- **WHAT YOU NEED TO DO**: The copy you give must match the lines from the top of the data through the line containing "白黒抽象芸術線(アーバンモダン) 名刺" exactly, and it must hold no pictures.

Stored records
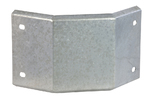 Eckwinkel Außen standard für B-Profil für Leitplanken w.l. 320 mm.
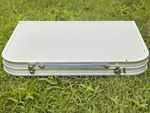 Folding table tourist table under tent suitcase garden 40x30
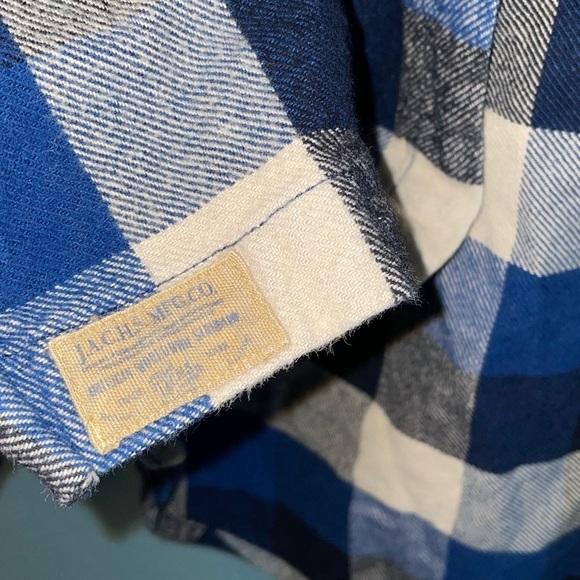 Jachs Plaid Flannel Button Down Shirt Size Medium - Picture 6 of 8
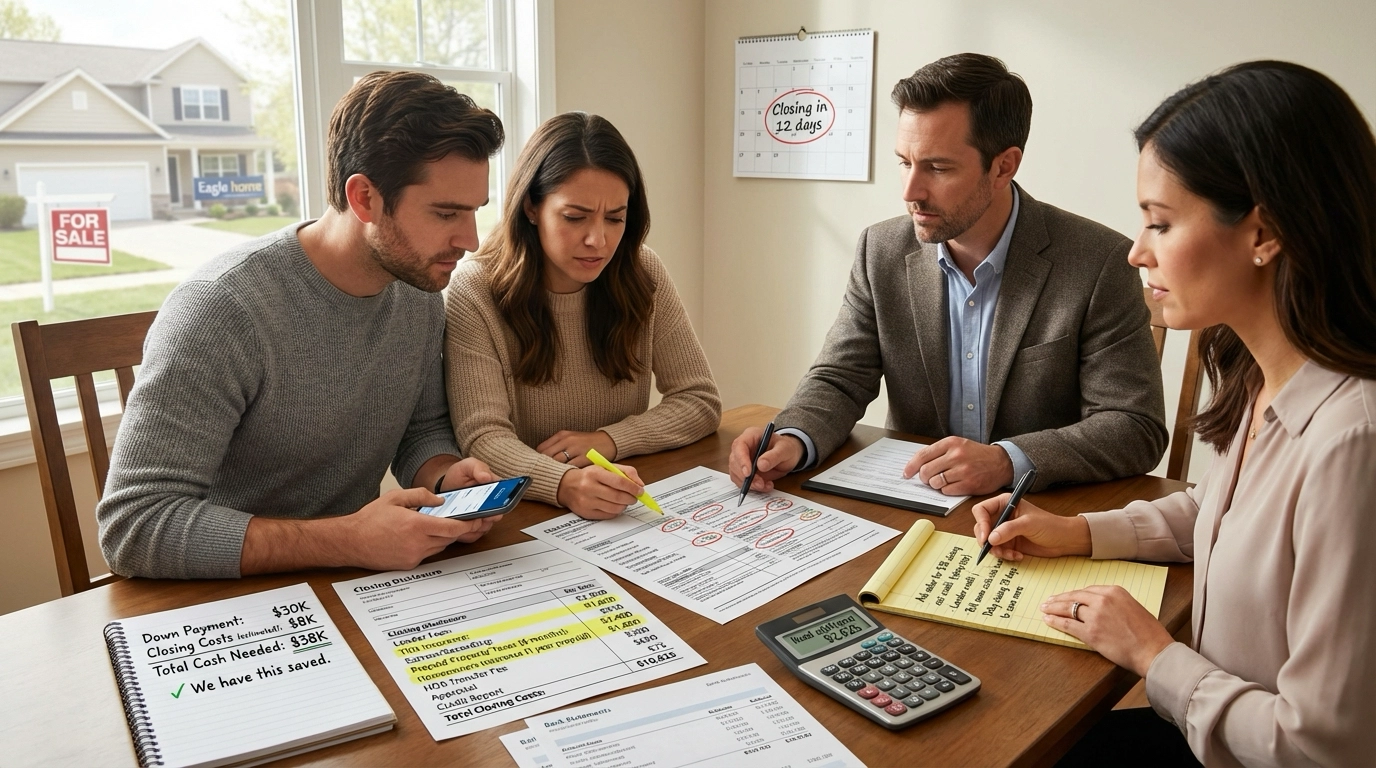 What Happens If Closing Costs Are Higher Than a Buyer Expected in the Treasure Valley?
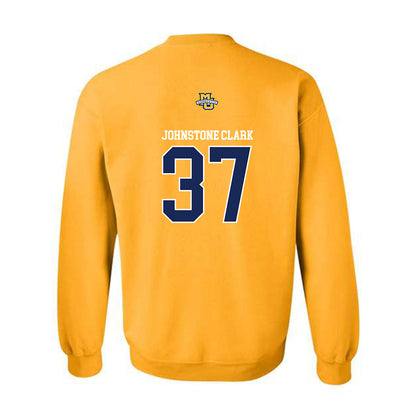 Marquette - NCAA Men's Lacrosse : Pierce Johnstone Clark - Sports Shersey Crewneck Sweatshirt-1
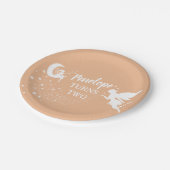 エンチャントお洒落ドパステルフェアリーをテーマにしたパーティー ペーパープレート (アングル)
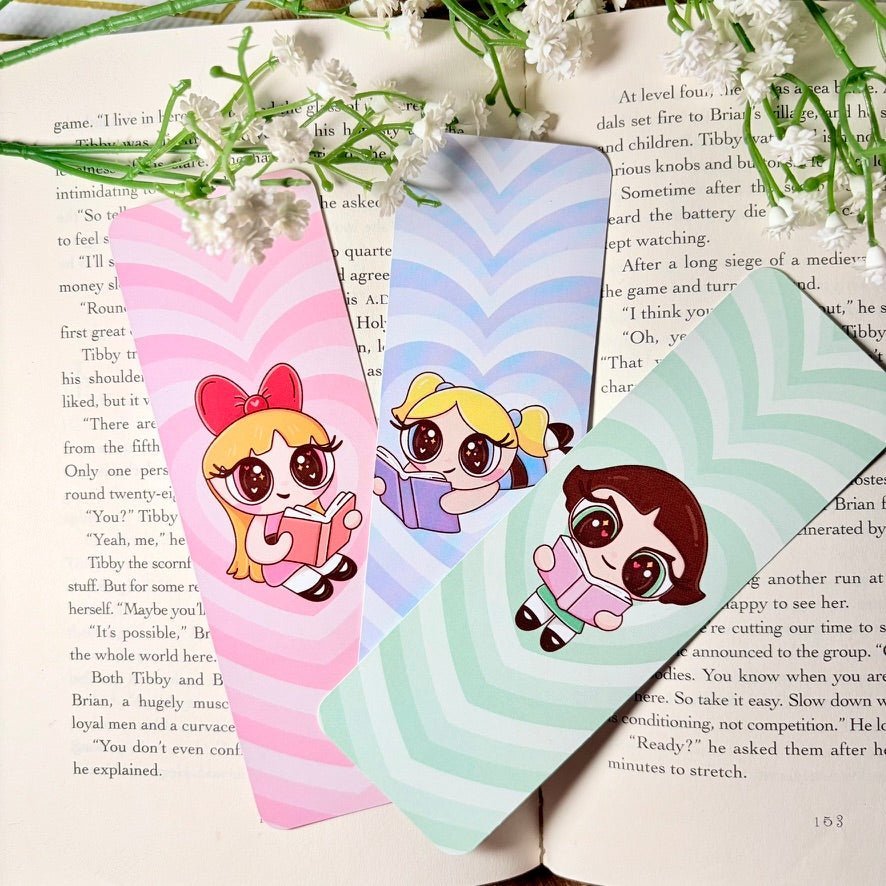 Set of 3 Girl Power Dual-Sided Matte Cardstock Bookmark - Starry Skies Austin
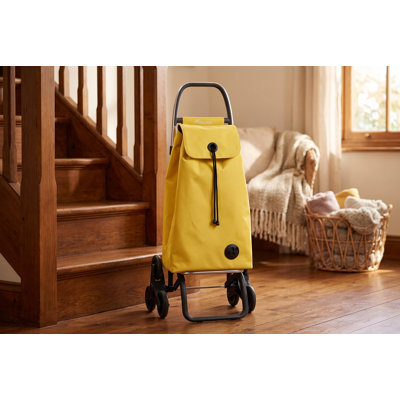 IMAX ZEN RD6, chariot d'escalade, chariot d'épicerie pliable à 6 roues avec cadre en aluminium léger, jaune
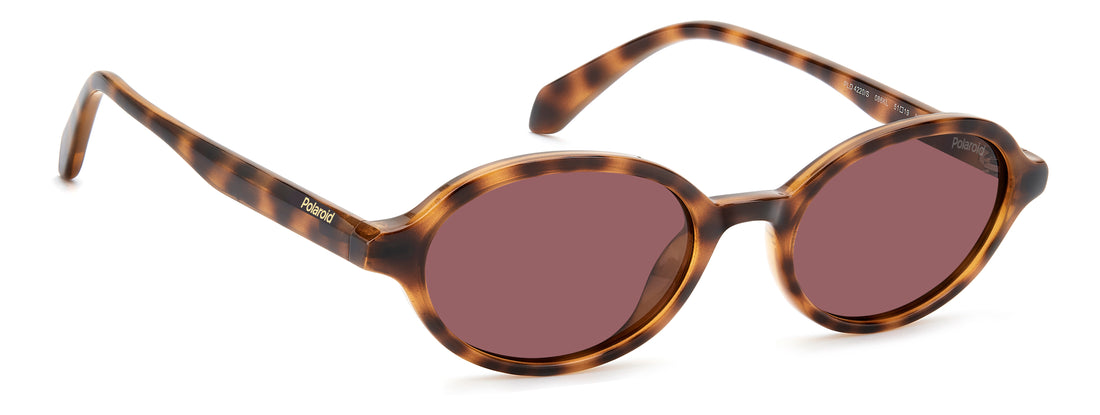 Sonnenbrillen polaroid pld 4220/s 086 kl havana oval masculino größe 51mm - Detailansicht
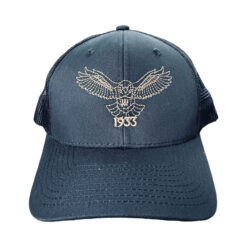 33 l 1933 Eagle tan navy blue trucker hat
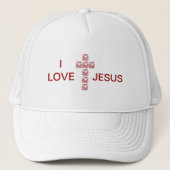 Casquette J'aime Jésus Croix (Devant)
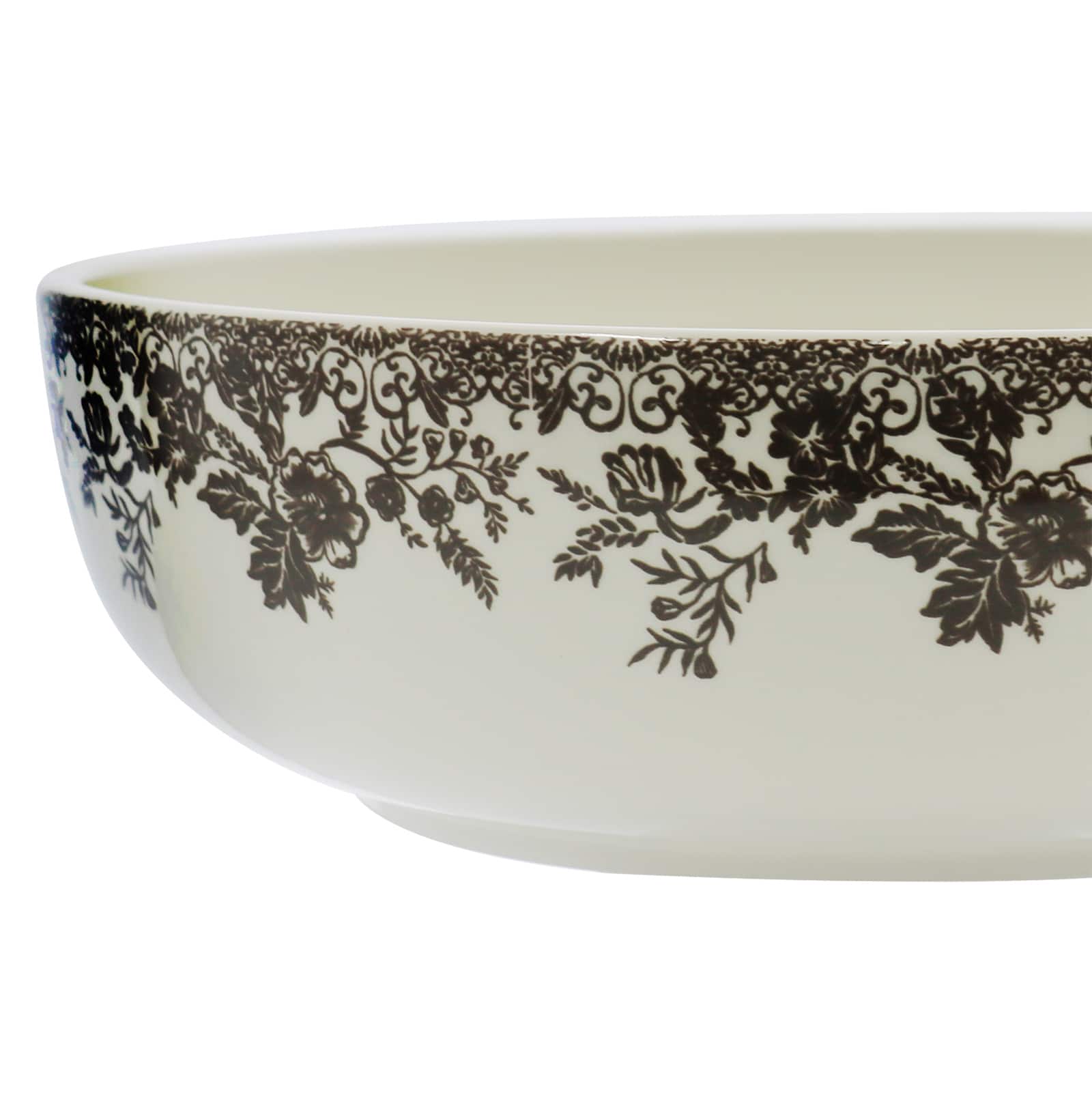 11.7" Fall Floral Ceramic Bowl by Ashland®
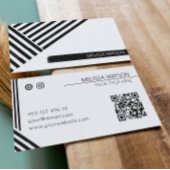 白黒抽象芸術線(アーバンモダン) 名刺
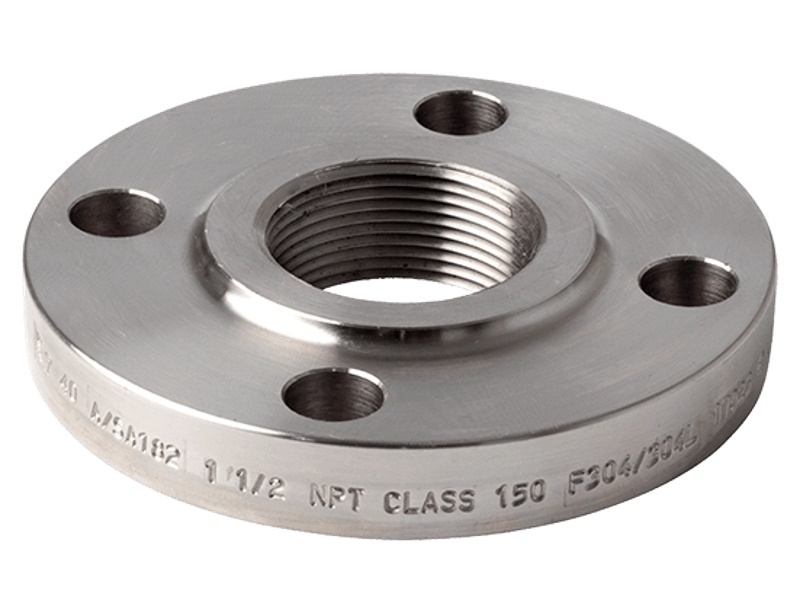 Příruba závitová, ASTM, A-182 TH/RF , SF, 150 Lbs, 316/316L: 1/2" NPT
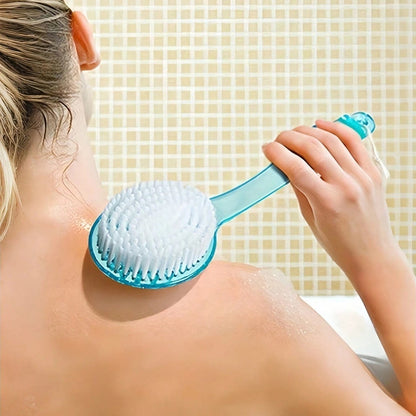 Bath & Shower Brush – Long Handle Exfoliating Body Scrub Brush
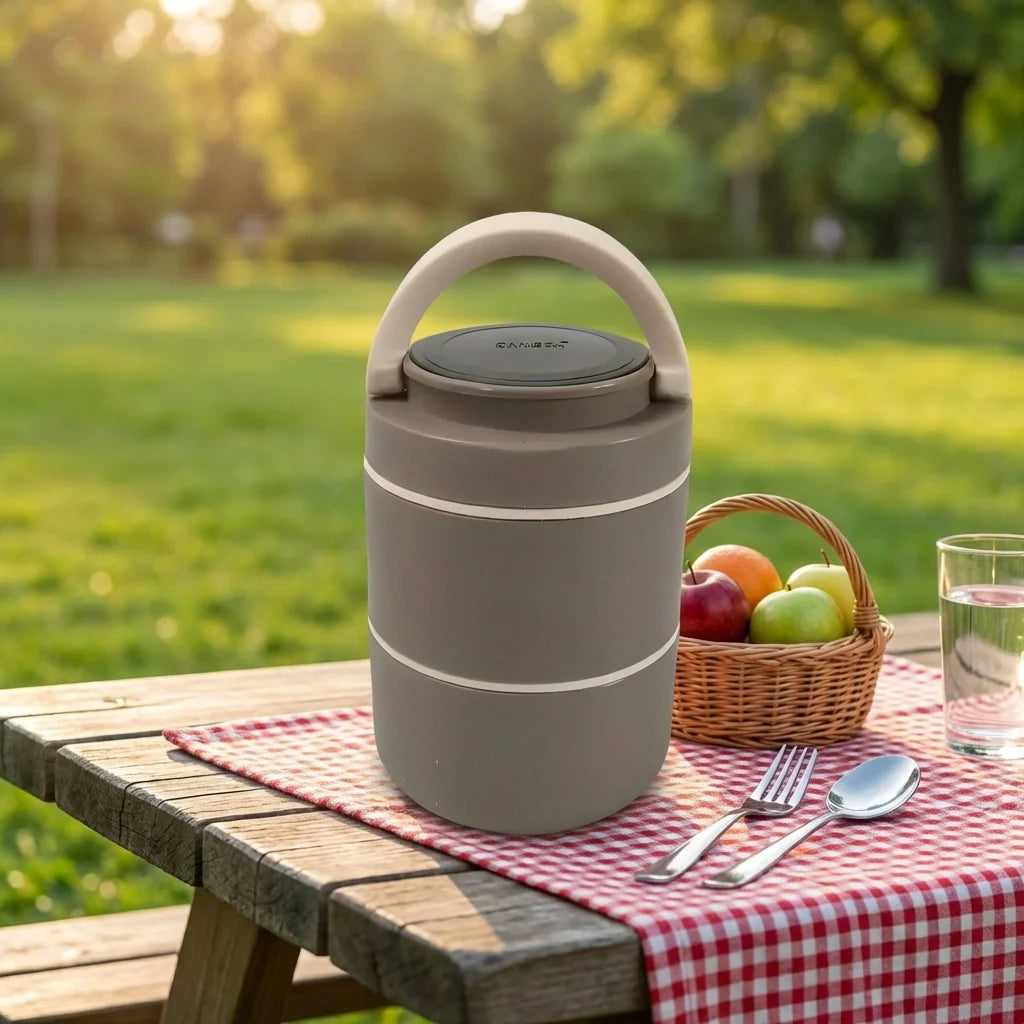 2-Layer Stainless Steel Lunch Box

- **RESULT FOR THIS TASK**:
 Eckwinkel Außen standard für B-Profil für Leitplanken w.l. 320 mm.
 Folding table tourist table under tent suitcase garden 40x30
 Jachs Plaid Flannel Button Down Shirt Size Medium - Picture 6 of 8
 What Happens If Closing Costs Are Higher Than a Buyer Expected in the Treasure Valley?
 Marquette - NCAA Men's Lacrosse : Pierce Johnstone Clark - Sports Shersey Crewneck Sweatshirt-1
 エンチャントお洒落ドパステルフェアリーをテーマにしたパーティー ペーパープレート (アングル)
 Set of 3 Girl Power Dual-Sided Matte Cardstock Bookmark - Starry Skies Austin
 IMAX ZEN RD6, chariot d'escalade, chariot d'épicerie pliable à 6 roues avec cadre en aluminium léger, jaune
 Sonnenbrillen polaroid pld 4220/s 086 kl havana oval masculino größe 51mm - Detailansicht
 33 l 1933 Eagle tan navy blue trucker hat
 Casquette J'aime Jésus Croix (Devant)
 11.7" Fall Floral Ceramic Bowl by Ashland®
 白黒抽象芸術線(アーバンモダン) 名刺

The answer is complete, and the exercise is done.